Conhecido como Sindicato Farquhar, porque pertencente ao empresário norte-americano Percival Farquhar, o poderoso truste South Brazil Railway Co. obtivera do governo federal extensas concessões de terras para construção de uma ferrovia ligando São Paulo ao Rio Grande do Sul. Acontece que o traçado dessa ferrovia passava justamente pelo Contestado, região assim chamada porque disputada pelos estados do Paraná e de Santa Catarina, mais um diferencial em relação a Canudos.

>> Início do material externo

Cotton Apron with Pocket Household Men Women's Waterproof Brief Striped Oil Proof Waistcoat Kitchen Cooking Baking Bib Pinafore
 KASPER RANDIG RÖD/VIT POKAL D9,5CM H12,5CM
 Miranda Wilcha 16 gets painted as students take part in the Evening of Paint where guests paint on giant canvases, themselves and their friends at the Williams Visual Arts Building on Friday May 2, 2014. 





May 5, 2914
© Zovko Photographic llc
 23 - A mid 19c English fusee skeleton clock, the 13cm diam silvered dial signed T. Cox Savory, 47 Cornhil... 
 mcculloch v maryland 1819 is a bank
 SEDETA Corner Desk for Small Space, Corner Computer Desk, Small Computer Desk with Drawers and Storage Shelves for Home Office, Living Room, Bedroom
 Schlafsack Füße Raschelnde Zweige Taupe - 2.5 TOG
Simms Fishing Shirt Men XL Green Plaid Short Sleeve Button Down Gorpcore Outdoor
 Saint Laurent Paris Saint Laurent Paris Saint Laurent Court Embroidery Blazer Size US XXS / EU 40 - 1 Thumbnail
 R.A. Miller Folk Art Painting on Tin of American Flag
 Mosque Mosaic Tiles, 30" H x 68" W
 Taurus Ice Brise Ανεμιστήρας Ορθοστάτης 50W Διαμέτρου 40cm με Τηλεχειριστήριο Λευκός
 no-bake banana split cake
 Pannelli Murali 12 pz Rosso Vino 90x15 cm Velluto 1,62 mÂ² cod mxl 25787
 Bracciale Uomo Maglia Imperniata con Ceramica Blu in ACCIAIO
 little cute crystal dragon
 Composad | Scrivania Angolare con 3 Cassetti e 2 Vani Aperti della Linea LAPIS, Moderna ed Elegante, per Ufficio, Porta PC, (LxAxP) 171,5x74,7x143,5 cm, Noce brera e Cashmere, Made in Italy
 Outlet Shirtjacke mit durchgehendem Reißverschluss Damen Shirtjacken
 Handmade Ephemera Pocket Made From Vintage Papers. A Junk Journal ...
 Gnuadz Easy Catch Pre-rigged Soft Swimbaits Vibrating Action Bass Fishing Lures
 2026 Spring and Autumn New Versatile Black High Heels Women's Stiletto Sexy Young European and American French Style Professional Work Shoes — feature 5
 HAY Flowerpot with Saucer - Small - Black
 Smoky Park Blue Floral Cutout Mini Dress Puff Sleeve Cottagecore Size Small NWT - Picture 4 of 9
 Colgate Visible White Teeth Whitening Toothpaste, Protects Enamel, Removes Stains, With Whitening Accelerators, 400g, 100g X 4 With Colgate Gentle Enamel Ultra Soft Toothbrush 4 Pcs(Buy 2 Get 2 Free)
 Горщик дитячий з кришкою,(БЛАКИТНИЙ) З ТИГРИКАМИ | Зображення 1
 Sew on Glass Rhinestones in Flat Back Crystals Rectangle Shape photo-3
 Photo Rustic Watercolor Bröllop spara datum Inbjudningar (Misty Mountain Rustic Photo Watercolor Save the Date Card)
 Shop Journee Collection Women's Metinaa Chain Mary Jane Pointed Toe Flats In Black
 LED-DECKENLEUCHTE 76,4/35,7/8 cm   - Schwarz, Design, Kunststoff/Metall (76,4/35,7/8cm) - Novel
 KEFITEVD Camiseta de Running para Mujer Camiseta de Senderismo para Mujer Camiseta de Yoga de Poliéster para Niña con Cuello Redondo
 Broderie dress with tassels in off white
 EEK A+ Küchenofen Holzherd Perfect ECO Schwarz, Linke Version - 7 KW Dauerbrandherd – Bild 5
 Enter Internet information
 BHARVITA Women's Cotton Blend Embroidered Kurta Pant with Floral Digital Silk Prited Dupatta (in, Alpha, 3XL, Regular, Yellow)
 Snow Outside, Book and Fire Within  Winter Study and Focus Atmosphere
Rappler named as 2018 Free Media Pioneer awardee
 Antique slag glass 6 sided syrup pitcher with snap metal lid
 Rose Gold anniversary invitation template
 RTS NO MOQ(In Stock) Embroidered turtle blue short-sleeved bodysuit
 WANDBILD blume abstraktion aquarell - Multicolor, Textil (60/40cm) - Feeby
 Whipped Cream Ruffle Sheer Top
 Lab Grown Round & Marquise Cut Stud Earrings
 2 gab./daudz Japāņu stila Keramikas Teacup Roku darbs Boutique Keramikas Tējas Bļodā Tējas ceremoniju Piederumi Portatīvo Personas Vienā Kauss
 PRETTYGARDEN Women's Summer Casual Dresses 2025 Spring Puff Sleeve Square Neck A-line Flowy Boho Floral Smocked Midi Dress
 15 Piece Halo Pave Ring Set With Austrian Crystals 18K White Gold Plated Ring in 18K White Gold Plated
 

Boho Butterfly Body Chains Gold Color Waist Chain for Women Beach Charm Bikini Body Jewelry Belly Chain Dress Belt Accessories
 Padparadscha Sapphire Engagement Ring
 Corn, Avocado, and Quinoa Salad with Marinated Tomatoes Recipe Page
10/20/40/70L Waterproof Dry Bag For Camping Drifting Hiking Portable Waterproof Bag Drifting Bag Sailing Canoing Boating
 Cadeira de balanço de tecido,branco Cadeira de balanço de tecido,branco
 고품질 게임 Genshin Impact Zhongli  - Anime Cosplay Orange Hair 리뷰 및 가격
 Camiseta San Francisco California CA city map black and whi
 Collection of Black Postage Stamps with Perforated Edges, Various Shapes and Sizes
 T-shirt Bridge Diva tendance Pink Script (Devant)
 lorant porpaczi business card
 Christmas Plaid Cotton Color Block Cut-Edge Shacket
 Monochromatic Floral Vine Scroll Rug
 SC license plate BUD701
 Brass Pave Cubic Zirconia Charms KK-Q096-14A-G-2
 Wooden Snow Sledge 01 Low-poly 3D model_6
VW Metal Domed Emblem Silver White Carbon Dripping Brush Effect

Os jagunços do Contestado, como de outros movimentos sertanejos, curiosamente não detectados nos sertões da Bahia, dedicavam um culto quase religioso a Carlos Magno, antigo rei dos francos, que viveu em fins do século VIII e inícios do século IX. Muitos dos poucos que sabiam ler possuíam um livro relatando a versão romanceada da vida de Carlos Magno e seus lendários cavaleiros. As proezas de Rolando, Olivério e Reinaldo eram relatadas em conversas dos jagunços, reunidos ao pé da fogueira. Os analfabetos escutavam atentos a narrativa dos que sabiam ler. O imaginário popular vivia aquela época de um passado distante, pintado com as cores vivas de valores como a igualdade, a justiça e a lealdade ao rei.

Tanto os jagunços do Contestado como os de Canudos desenvolveram sentimentos saudosistas dos tempos da Monarquia. De uma época em que muitos haviam vivido. De uma época em que a Igreja estava ligado ao Estado. Com verdadeira idolatria considerava-se a Monarquia como coisa do céu. Não há dúvida de que essa idealização dos tempos passados foi influenciada no Contestado pelas histórias de Carlos Magno e seus Pares de França, cujos personagens romanceados constituíam exemplos de coragem, de devotamento a causas justas, de luta pela verdade e pela justiça.

Aspecto marcante nos dois movimentos foi o igualitarismo comunitário: nas comunidades criadas pelos jagunços, desenvolveu-se forte tradição de que os bens individuais possuídos anteriormente passavam a pertencer a todos. Havia mesmo um certo desprezo pelos bens materiais. Afinal, no Reino dos Céus, as riquezas terrenas nada significavam! Não era o que afirmavam as Sagradas Escrituras?

“A existência desse igualitarismo básico, de condição econômica e de etiqueta, não significava, porém, que reinasse a anarquia entre os irmãos e que entre eles não houvesse diferenças de posição social [...]. Reconheciam-se as relações anteriores de amizade, de compadrio e de família, desde que nenhuma destas se chocasse com os interesses da crença. Acima de tudo, colocavam-se os valores religiosos, políticos e sociais da causa.” (QUEIROZ, Maurício Vinhas de. Messianismo e conflito social: a Guerra Sertaneja do Contestado, 1912-1916. Rio de Janeiro: Civilização Brasileira, 1966. p. 157.)

Não se pode esquecer que o milenarismo também estava presente no imaginário dos sertanejos de Canudos. A chegada de novo milênio se aproximava. E com ele viria o fim dos tempos, como anunciavam os textos do Apocalipse. Novos tempos começariam. Os bons, justos e humildes seriam levados ao Reino dos Céus!


AQUINO, Rubim Santos Leão de [et alli]. Sociedade brasileira: uma história através dos movimentos sociais: da crise do escravismo ao apogeu do neoliberalismo. Rio de Janeiro: Record, 2011. p. 138-141.